*Description of the task*: Of all the lines below, output only those starting at the one with "Un parapentiste au" and ending at the one with "Apartamento T2 com", both ends included, exactly as written.

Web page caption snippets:
---+---

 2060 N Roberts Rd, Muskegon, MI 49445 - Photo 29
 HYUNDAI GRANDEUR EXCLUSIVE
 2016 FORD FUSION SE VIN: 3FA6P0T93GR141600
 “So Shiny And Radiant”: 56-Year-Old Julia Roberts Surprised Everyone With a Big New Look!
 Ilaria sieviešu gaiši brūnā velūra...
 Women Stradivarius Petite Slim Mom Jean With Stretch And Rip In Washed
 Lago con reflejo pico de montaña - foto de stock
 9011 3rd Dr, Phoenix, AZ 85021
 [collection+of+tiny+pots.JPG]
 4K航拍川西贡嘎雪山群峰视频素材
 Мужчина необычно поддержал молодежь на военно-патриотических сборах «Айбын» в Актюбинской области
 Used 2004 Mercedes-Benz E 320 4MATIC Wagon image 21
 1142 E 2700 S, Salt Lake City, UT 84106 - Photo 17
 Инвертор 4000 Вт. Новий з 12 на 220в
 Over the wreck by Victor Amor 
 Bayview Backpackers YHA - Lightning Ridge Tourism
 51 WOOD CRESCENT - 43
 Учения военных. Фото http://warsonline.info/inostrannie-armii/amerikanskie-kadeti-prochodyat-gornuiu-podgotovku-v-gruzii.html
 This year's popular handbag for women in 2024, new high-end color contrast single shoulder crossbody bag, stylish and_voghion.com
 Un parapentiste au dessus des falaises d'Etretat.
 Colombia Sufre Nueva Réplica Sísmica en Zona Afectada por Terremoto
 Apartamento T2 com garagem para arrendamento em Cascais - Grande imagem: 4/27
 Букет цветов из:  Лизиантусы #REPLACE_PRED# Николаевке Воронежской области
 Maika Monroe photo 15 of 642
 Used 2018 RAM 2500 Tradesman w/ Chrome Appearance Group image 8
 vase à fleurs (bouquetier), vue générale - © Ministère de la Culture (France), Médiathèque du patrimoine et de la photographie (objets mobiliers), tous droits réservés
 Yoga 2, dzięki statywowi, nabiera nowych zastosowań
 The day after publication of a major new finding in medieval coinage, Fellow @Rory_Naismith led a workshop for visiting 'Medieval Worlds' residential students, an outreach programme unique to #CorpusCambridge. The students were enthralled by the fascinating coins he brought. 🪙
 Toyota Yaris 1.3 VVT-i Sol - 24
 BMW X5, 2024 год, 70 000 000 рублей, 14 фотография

---+---

*Exercise response*:
 Un parapentiste au dessus des falaises d'Etretat.
 Colombia Sufre Nueva Réplica Sísmica en Zona Afectada por Terremoto
 Apartamento T2 com garagem para arrendamento em Cascais - Grande imagem: 4/27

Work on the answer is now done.